[Dataset records]
"""

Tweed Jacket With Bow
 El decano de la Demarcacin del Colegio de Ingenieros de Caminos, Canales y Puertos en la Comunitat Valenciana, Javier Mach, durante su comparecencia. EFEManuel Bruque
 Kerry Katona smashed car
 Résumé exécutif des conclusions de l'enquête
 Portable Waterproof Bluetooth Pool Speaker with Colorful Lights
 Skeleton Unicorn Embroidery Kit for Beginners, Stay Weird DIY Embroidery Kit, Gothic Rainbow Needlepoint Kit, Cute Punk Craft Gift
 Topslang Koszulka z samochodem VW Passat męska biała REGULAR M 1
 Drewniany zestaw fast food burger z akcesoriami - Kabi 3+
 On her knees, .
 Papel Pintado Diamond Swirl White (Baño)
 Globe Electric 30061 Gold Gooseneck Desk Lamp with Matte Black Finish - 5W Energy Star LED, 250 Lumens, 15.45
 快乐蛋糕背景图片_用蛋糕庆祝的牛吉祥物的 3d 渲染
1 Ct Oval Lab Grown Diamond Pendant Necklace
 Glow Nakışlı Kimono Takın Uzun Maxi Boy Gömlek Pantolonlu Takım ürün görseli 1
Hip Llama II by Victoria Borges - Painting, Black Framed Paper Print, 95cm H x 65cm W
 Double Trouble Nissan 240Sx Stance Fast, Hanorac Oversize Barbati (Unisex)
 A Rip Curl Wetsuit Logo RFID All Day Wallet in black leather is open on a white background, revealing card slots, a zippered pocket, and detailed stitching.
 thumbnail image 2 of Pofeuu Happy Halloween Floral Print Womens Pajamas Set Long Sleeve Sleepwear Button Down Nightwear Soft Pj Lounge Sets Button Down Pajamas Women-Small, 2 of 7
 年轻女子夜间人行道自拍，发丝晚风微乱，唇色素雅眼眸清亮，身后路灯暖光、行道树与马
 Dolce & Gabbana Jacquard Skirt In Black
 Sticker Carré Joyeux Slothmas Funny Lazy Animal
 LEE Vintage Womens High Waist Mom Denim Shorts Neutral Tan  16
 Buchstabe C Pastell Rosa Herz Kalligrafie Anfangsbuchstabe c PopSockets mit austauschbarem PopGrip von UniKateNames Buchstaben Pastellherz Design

"""

▸ **Exercise prompt**:
Look above for the line with "Globe Electric 30061" and the line with "Hip Llama II"; transcribe both and all lines in between, exactly, and nothing else.

▸ **Finished exercise**:
 Globe Electric 30061 Gold Gooseneck Desk Lamp with Matte Black Finish - 5W Energy Star LED, 250 Lumens, 15.45
 快乐蛋糕背景图片_用蛋糕庆祝的牛吉祥物的 3d 渲染
1 Ct Oval Lab Grown Diamond Pendant Necklace
 Glow Nakışlı Kimono Takın Uzun Maxi Boy Gömlek Pantolonlu Takım ürün görseli 1
Hip Llama II by Victoria Borges - Painting, Black Framed Paper Print, 95cm H x 65cm W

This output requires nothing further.